La stessa giunta comunale di Langhirano si pronuncia contro la combustione di biomasse sul suo territorio.
Mentre nel Paes approvato dal comune di Felino è dato risalto al cogeneratore a grasso animale di Citterio, nel Paes di Sala Baganza,furbescamente, non se ne fa parola, si menzionano solo impianti a biogas e la produzione di biometano.

Evidentemente, non è vero quello che affermano amministratori sia di destra che di sinistra , che le normative vanno solo applicate.
Possono, al contrario, essere valutate e, se il caso, messe in discussione.
Gli amministratori sono eletti dai cittadini, sono i loro rappresentanti nelle istituzioni.
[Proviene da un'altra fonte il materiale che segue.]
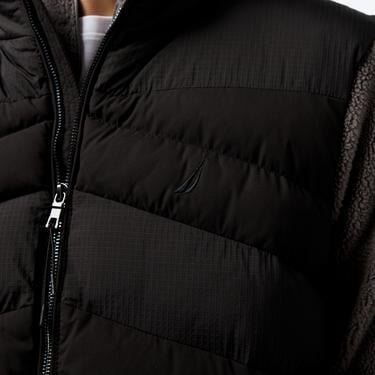  Nautica Erkek Siyah Yelek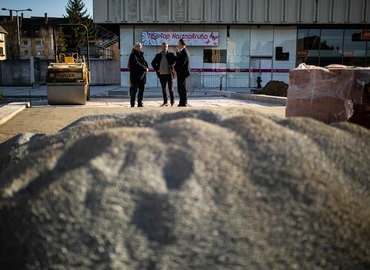 Polgármesteri szemle az Eötvös tér felújítási munkálatainál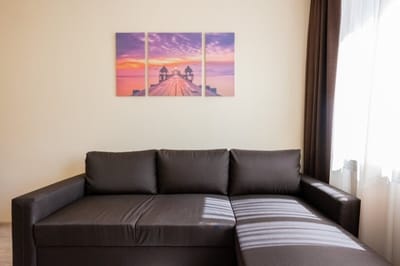 Nomad Haven: 1BD Flat with Balcony near the Center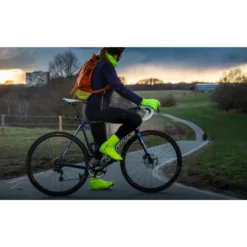 GripGrab Arctic Waterproof Deep Winter Hi-Vis Shoe Covers - Yellow Hi-Vis -Bike Sale Shop gripgrab arctic waterproof deep winter hi vis shoe cover yellow hi vis 5 1078212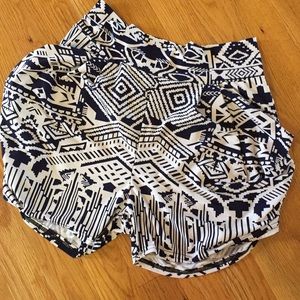 high-waisted shorts, super cute!!:)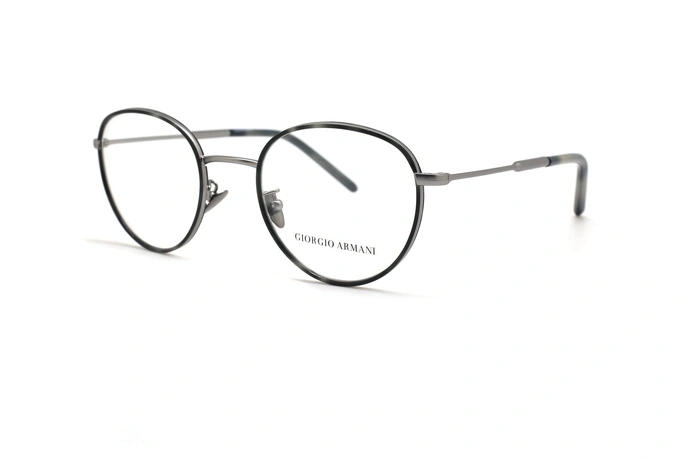 عینک طبی جورجیو آرمانی فریم فلزی گرد رنگ مشکی نقره ای - عکس از زاویه سه رخ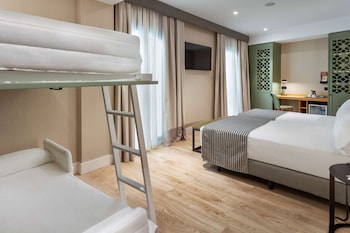 Premium Quadruple Room (2 Adults + 2 Children)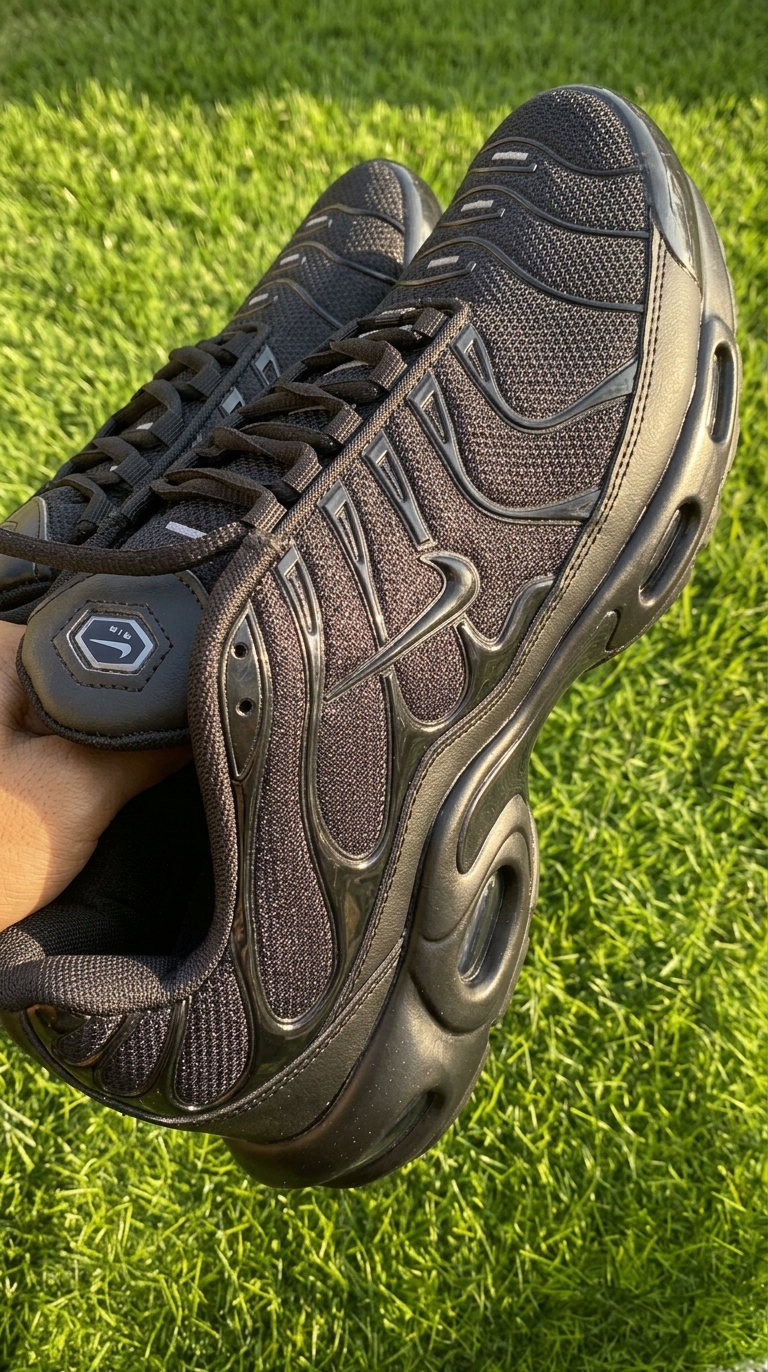 nike tn fullblack bro.....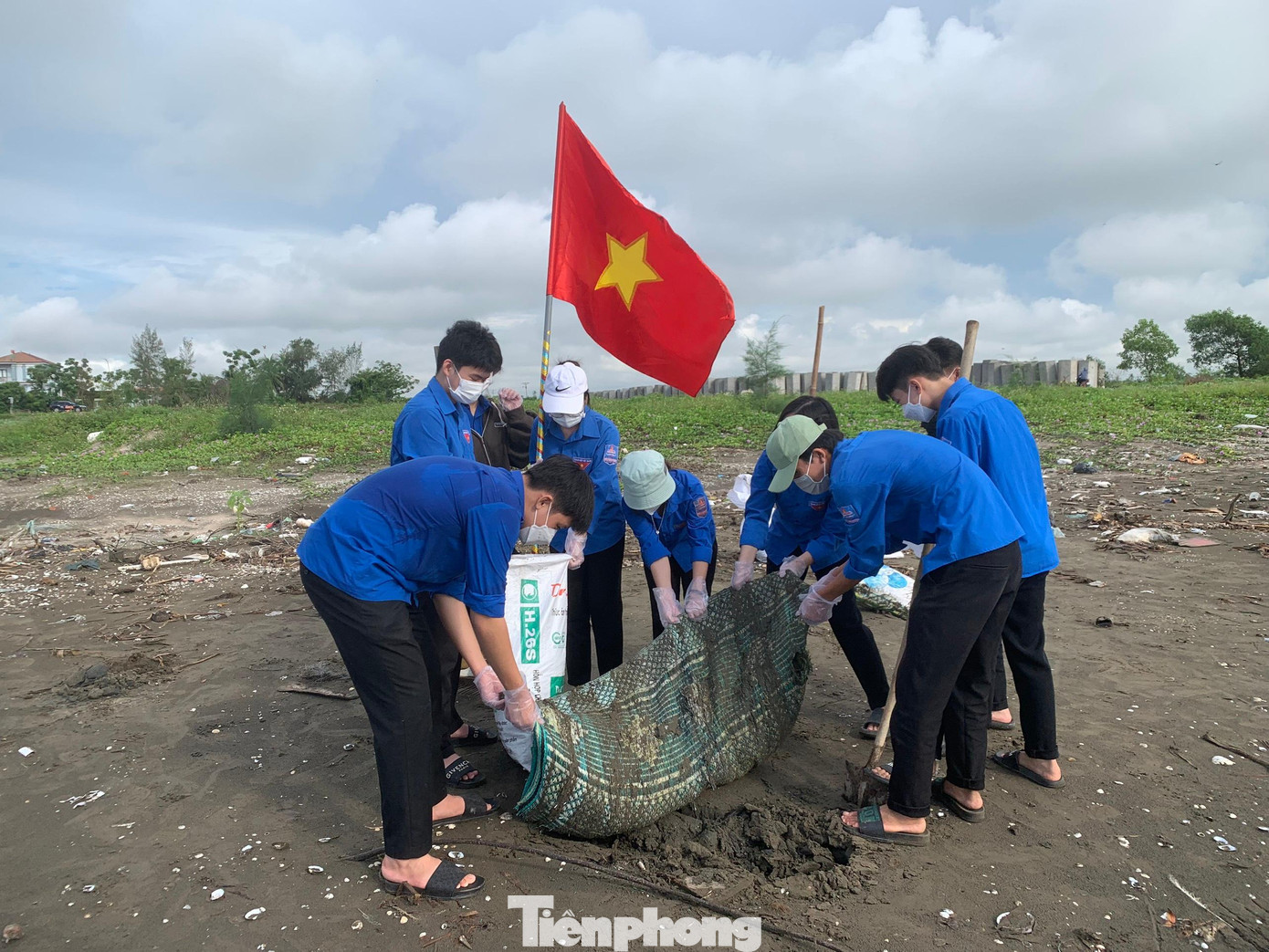 Hoạt động tuyên truyền nâng cao ý thức giữ gìn vệ sinh, bảo vệ môi trường và ứng phó với biến đổi khí hậu.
Quando dubitano dell'efficacia di una normativa debbono sottoporla al vaglio della cittadinanza, debbono opporvisi quali
interpreti del principio di precauzione.


Nella realtà, tale ruolo di opposizione, di contrasto alla speculazione lo stanno assumendo i comitati spontanei di cittadini.
Sono ormai centinaia ed è ridicolo considerarli come conseguenza dell'effetto Nimby, del fatto che i cittadini non vogliano tali impianti solo perché vicini a casa loro.
Il loro impegno e la loro dedizione li qualifica come un nuovo movimento di lotta civile per la difesa della salute e del territorio.

Perchè il vero tema in discussione, oltre alla salute dei cittadini, è quello delle risorse naturali.

La green economy, la speculazione sulle energie rinnovabili tenderà ad appropriarsi di tutte le risorse naturali consumandole : acqua, aria, suolo e patrimonio boschivo.
Nessun limite sarà rispettato.
Dalla privatizzazione dell'acqua all'inquinamento delle falde acquifere per lo spargimento selvaggio delle deiezioni animali o dei digestati.
Dall'ulteriore inquinamento dell'aria con inceneritori tipo Citterio in zone che già superano i valori limite alla risalita dell'inquinamento su per le valli montane con l'introduzione di centrali a cippato di legna.
Dalla continua distruzione di suolo agricolo con la cementificazione in atto nei paesi della pedemontana, quegli stessi che si definiscono "comuni virtuosi", all'occupazione di centinaia di ettari di suolo agricolo da parte dei parchi fotovoltaici a terra in ogni comune della provincia.
Dal taglio boschivo selvaggio ed indiscriminato dovuto alla speculazione sulla legna da ardere al taglio industriale per la cosiddetta "pulizia dei boschi", finalizzato in realtà a costruire un mercato del cippato di legna per le centrali medesime.

E' possibile uno sviluppo alternativo delle energie rinnovabili?

Certo, a patto che non consumino risorse naturali ma le valorizzino.

Impianti a biogas di piccola taglia che utilizzino effettivi scarti agricoli, deiezioni degli allevamenti e scarti dell'agroalimentare per produrre biometano.
Impianti fotovoltaici comunali sui tetti delle case coinvolgendo i cittadini.
Impianti solari termici collegati alla ristrutturazione delle case.
Sviluppo edilizio di sola ristrutturazione dell'esistente volto principalmente al risparmio energetico.
Ristrutturazione dei borghi di montagna all'insegna del risparmio energetico per lo sviluppo di una
ricezione turistica diffusa ed accogliente.